Non-Monotonic Error Refutation: The research begins by challenging the error monotonicity assumption that equates lower cumulative per-layer errors with reduced global errors. Illustrative empirical evidence shatters this notion, suggesting that models with higher per-layer error sums can yield better outcomes.
EvoPress Implementation: The proposed evolutionary framework, EvoPress, is instantiated to resolve non-uniform compression tasks, dynamically adapting layer compression levels to minimize accuracy loss. Utilizing an iterative candidate search, the algorithm constructs models from individual level databases and evaluates fitness based on the deviation from the base model's output.
Experimental Validation: The empirical evidence in the paper showcases EvoPress's prowess across multiple compression strategies, achieving state-of-the-art results. For instance, EvoPress manages significant improvements for Llama-family models in perplexity metrics and in zero-shot evaluations by optimizing layer-wise quantization and user-defined dropping sparsity thresholds.
Efficiency and Scalability: The proposed method distinguishes itself via rapid convergence, capable of running efficiently on widely available hardware (such as an RTX 3090 GPU). The researchers highlight a substantial reduction in execution time compared to conventional methods by utilizing fewer model evaluations.

Implications and Future Directions

The implications of this work are substantial both in theory and practice. By refuting the assumption of error monotonicity and demonstrating EvoPress's efficacy, the foundations of LLM compression are redefined. Practically, this offers a more nuanced and efficient methodology for model size reduction while maintaining functional accuracy—a critical enhancement for deploying AI models in real-world applications where resources are limited.

Noteworthy is the paper's discussion on EvoPress's architecture and compression type-considerate agnosticism, which extends its applicability beyond the tested models and methods. The insight that different compression techniques require unique error sensitivities underscores the importance of automated adaptability—a principle embedded in EvoPress's design.
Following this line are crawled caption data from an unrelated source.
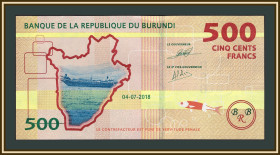 Бурунді Бурунди ^/--/^ Бурунди 500 франков 2018 P-50  (50 /--/ b) UNC ^_^^^ Бурунді 500 франків 2018 P-50 (50 /--/ b) UNC - фото фото фото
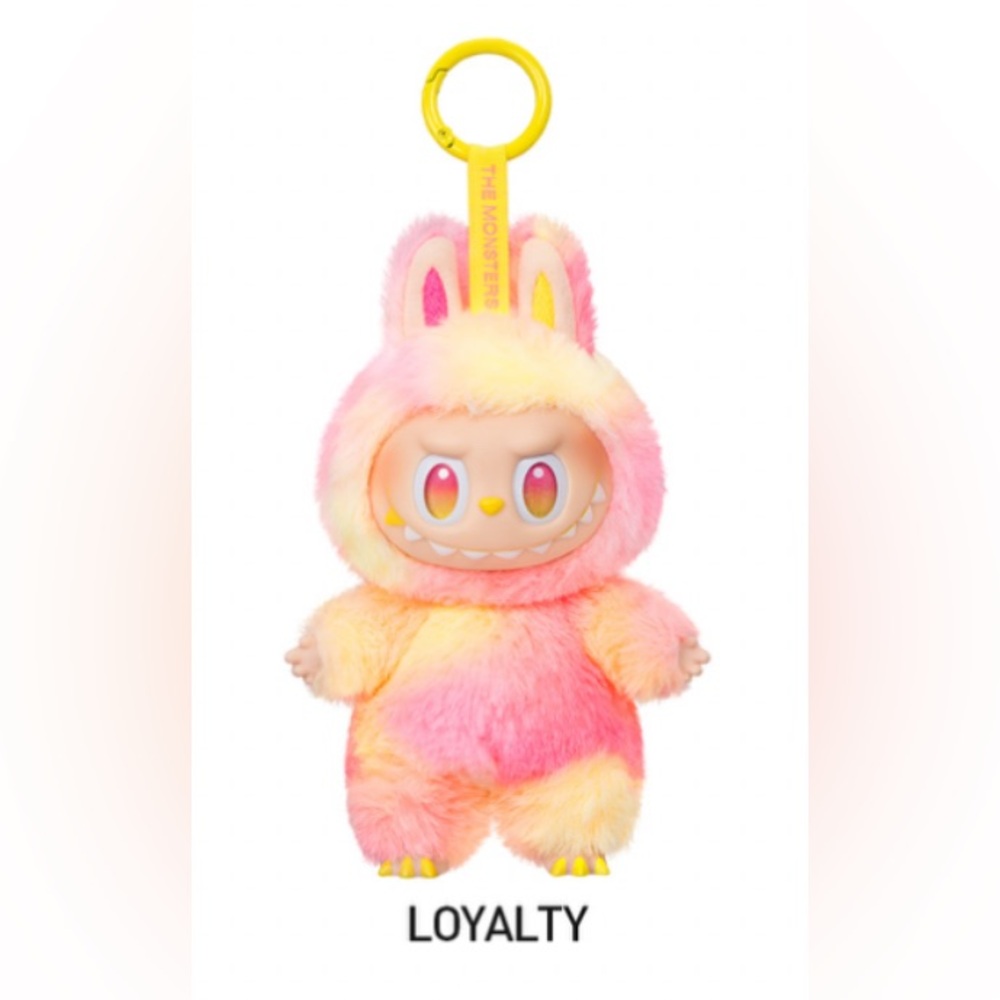 NIB Authentic Pop Mart Big Into Energy Loyalty Pink Yellow Labubu Vinyl Pendant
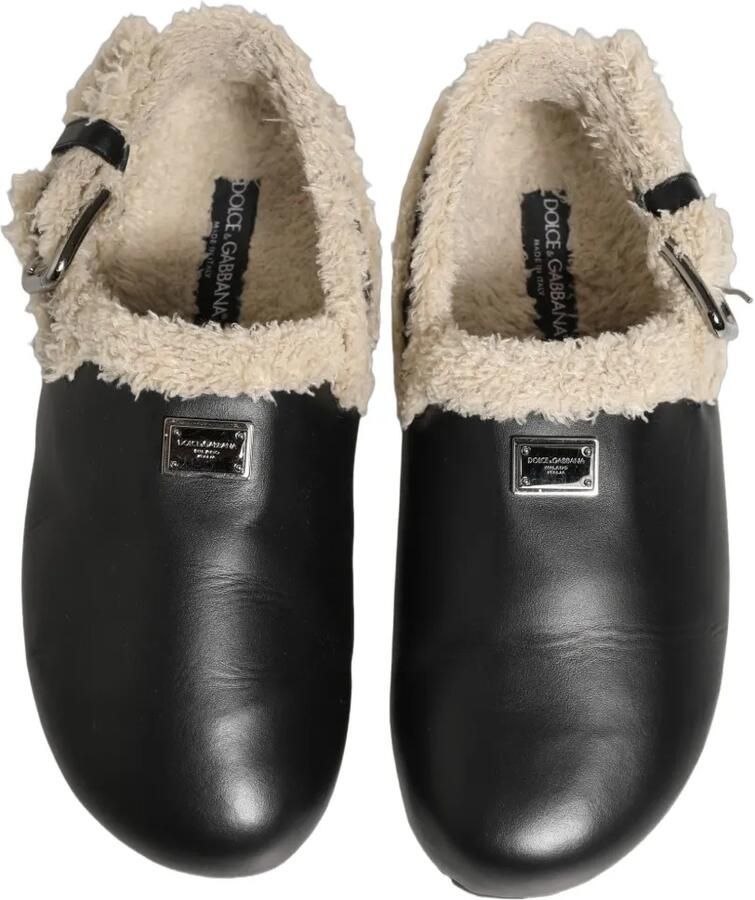 Dolce & Gabbana shearling-lined buckle-fastening slides sandals Zwart - Foto 2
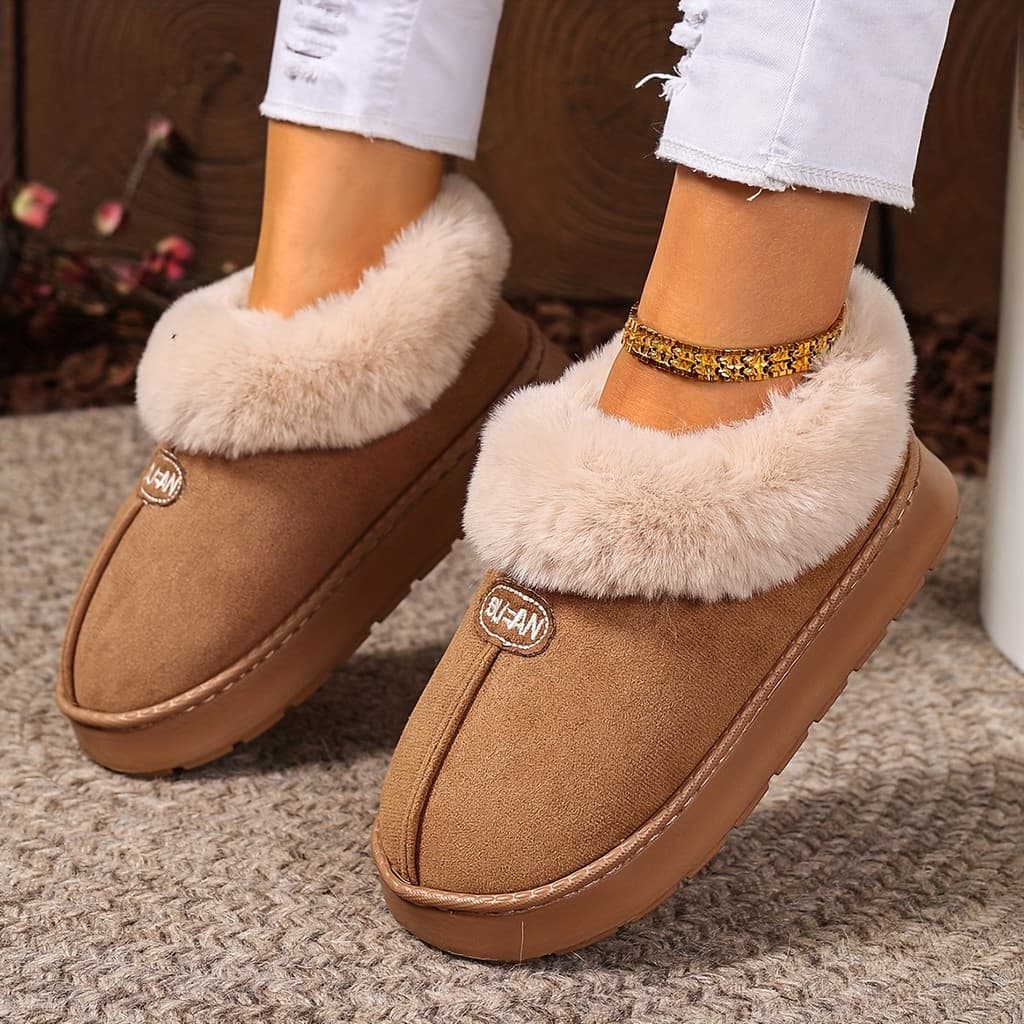 Chinelos confortáveis com forro de lã para homens e mulheres - sapatos internos/externos de inverno marrom macio, sola g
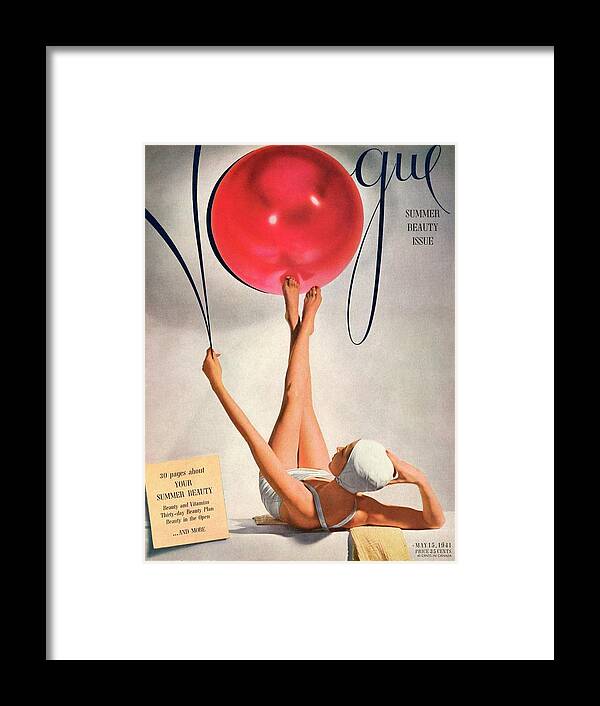 Fashion Framed Print featuring the photograph Vogue Cover Illustration Of A Woman Balancing by Horst P Horst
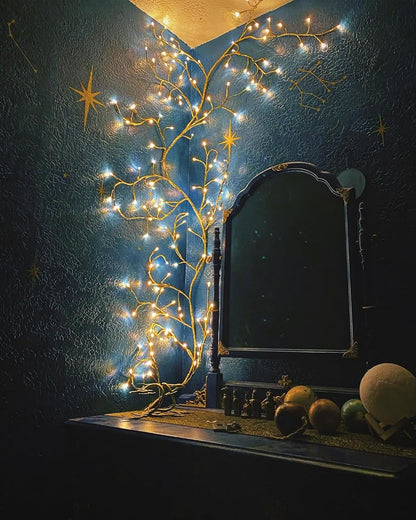 2PCS Enchanted Willow Vine Lights for Home Decor,Flexible DIY Lighted Branches with Remote On/Off Timer Dimmer,7.5FT Lighted Willow Vine 144LEDs for Bedroom Aesthetic Living Room Decor,Brown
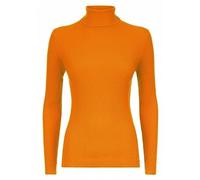LUXFAB Womens Ribbed Polo Neck Long Sleeve Top Stretch Winter Turtleneck Jumper Thermal Warm Knit Casual Slim Fit UK Sizes 8-26 Comfert Stretch Ladies Orange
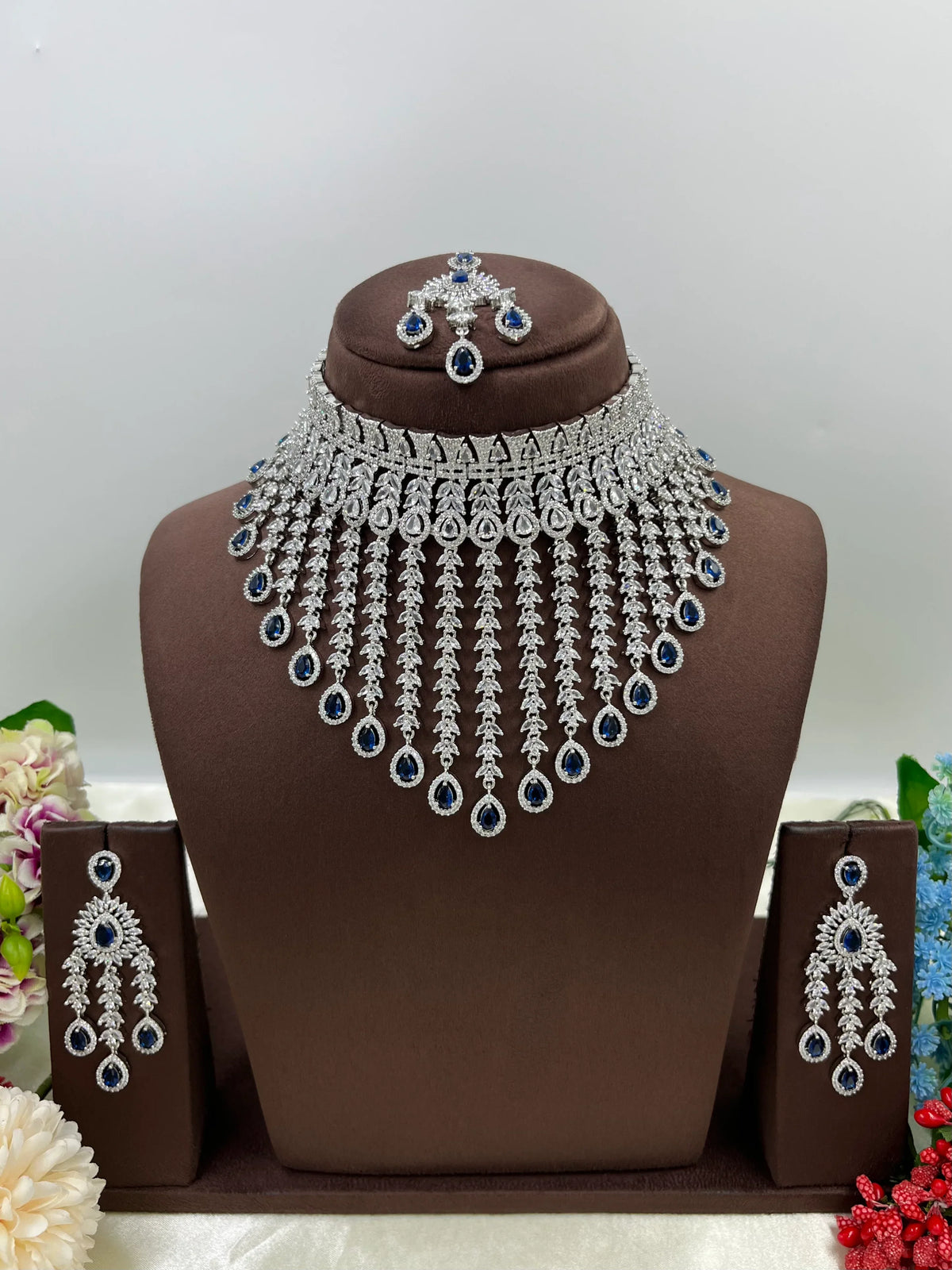 💎 Diamond Vault Premium AD Necklace Set with Maangtika & Earrings – Bridal Elegance Redefined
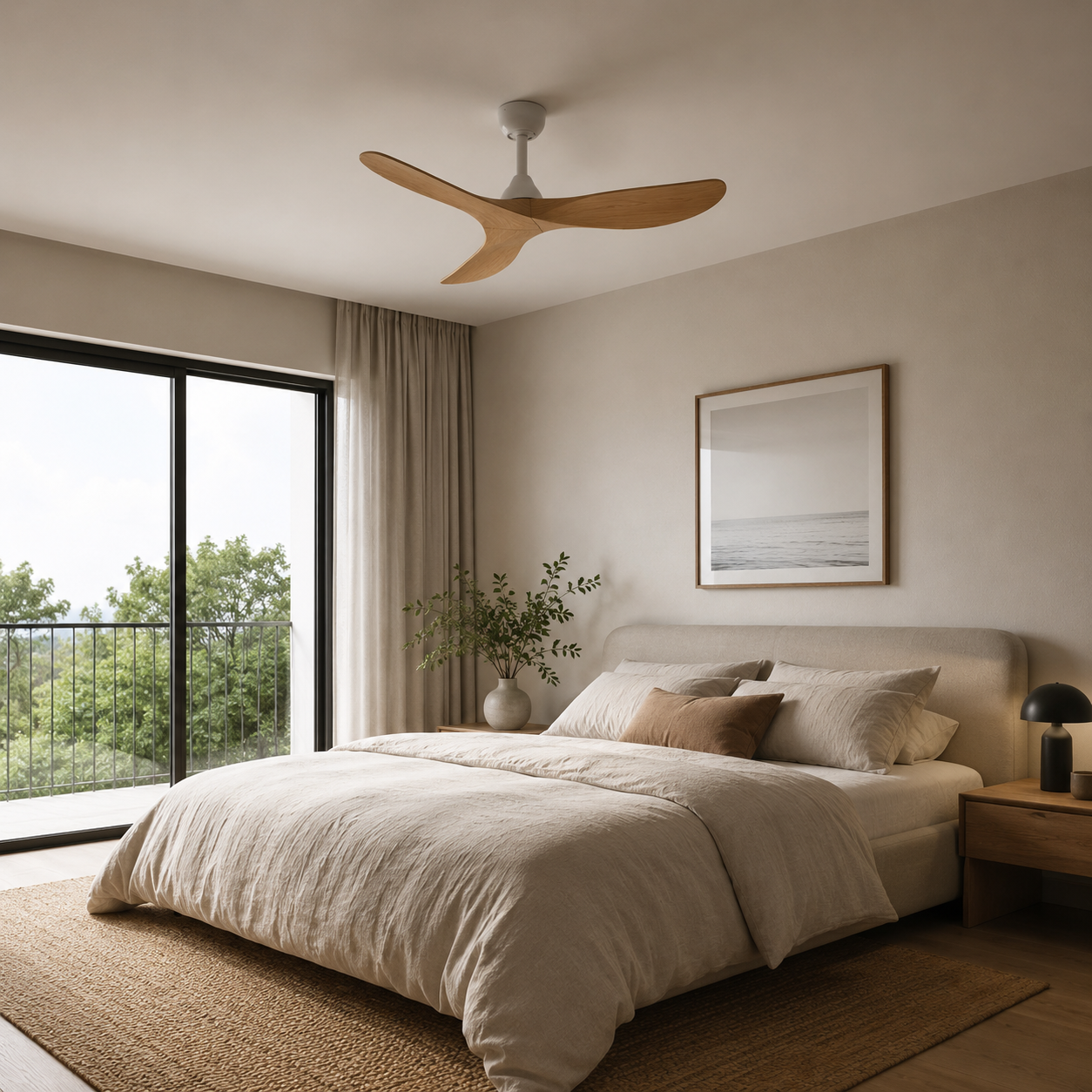 Texas -Ventilateur de plafond 132 cm avec Pales Finition Bois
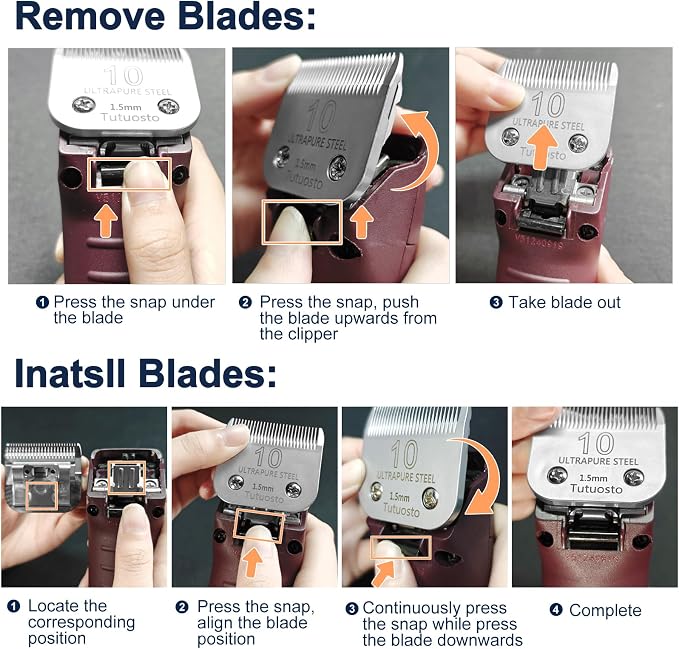 3 Pack 10 Clipper Blade Compatible with Andis, Wahl and Oster Dog Clippers | Detachable Pet Grooming Replacement Blade for Dog Grooming Clippers, Replacement Blades, Compatible Accessory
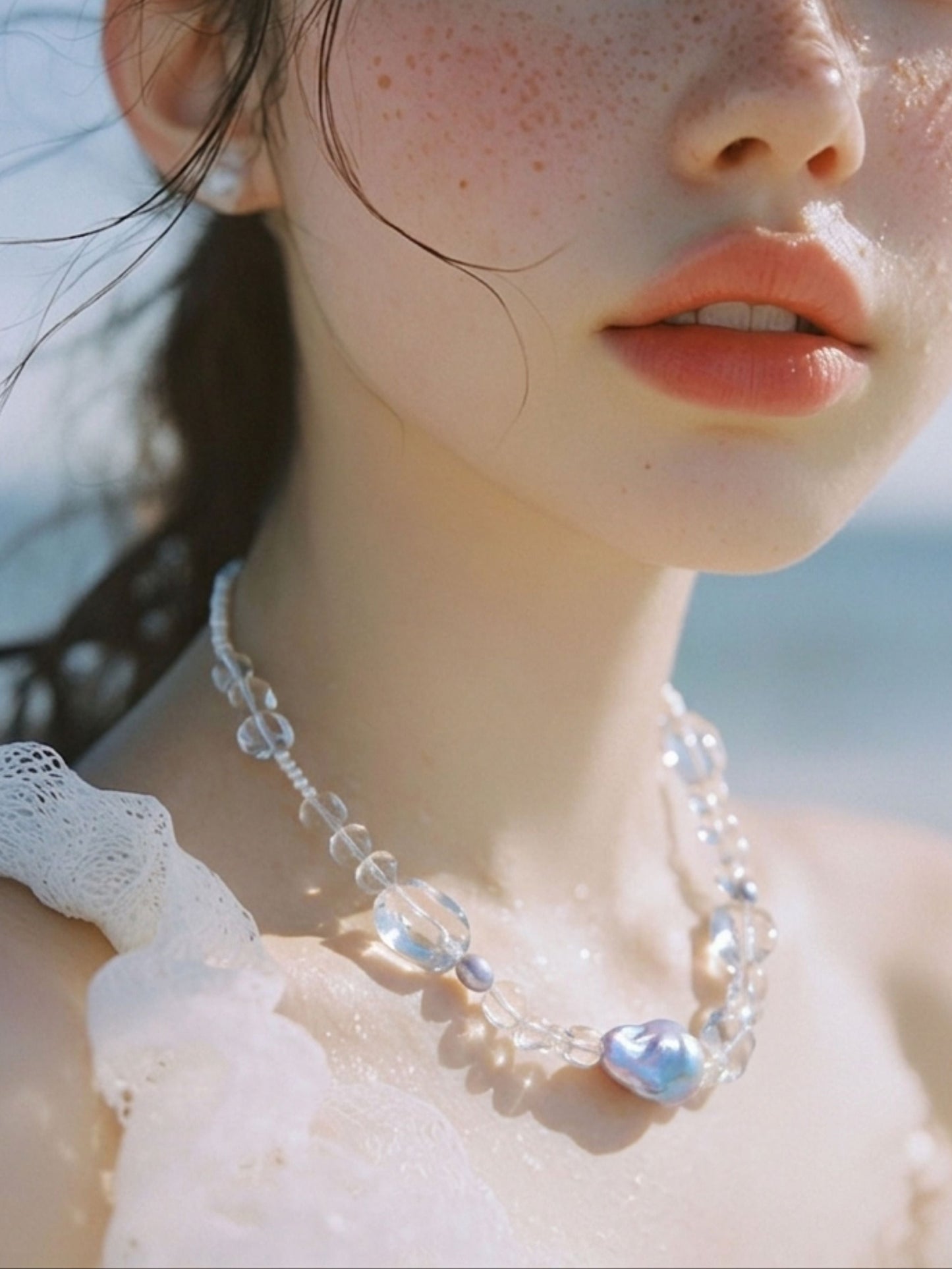 The Soda Float – 3A Baroque Pearl and 7A Clear Quartz Necklace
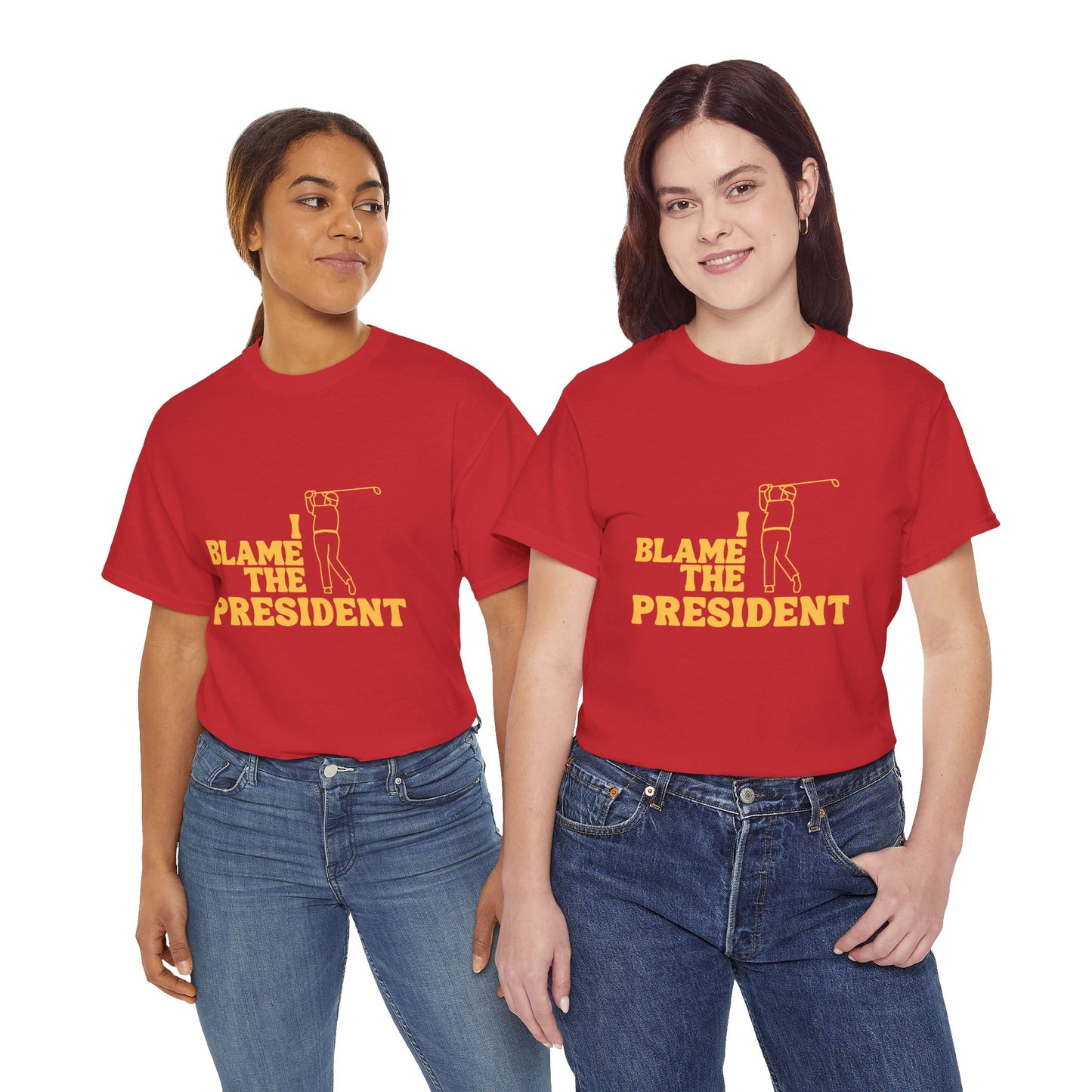 Unisex Heavy Cotton Tee - 'I Blame The President' Graphic T-shirt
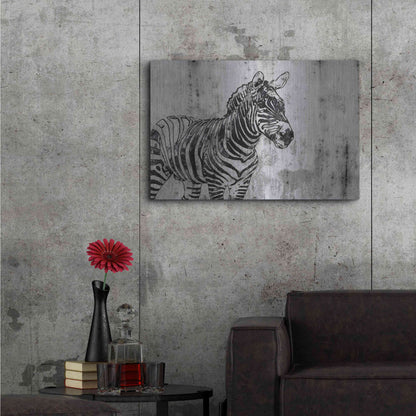 Luxe Metal Art 'Rustic Zebra 1' by Irena Orlov, Metal Wall Art,36x24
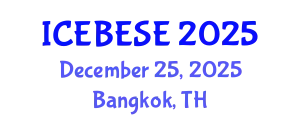 International Conference on Environmental, Biological, Ecological Sciences and Engineering (ICEBESE) December 25, 2025 - Bangkok, Thailand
This paper opens avenues for future research, such as the integration of spontaneous compression methods within EvoPress’s search architecture or refining their framework to incorporate newer compression paradigms, such as structured pruning. Furthermore, further exploration of extending EvoPress to entire inference ecosystems, potentially with adaptive inference speed constraints, can consolidate its practicality for widespread use.

In conclusion, this work on EvoPress underscores an innovative stride in the direction of dynamic compression strategies. By honing an approach with validated efficiency and theoretical rigor, the authors pave the way for more compact, resource-economical, and powerful AI systems, cementing a pivotal cornerstone in the advancement of machine learning model optimization techniques.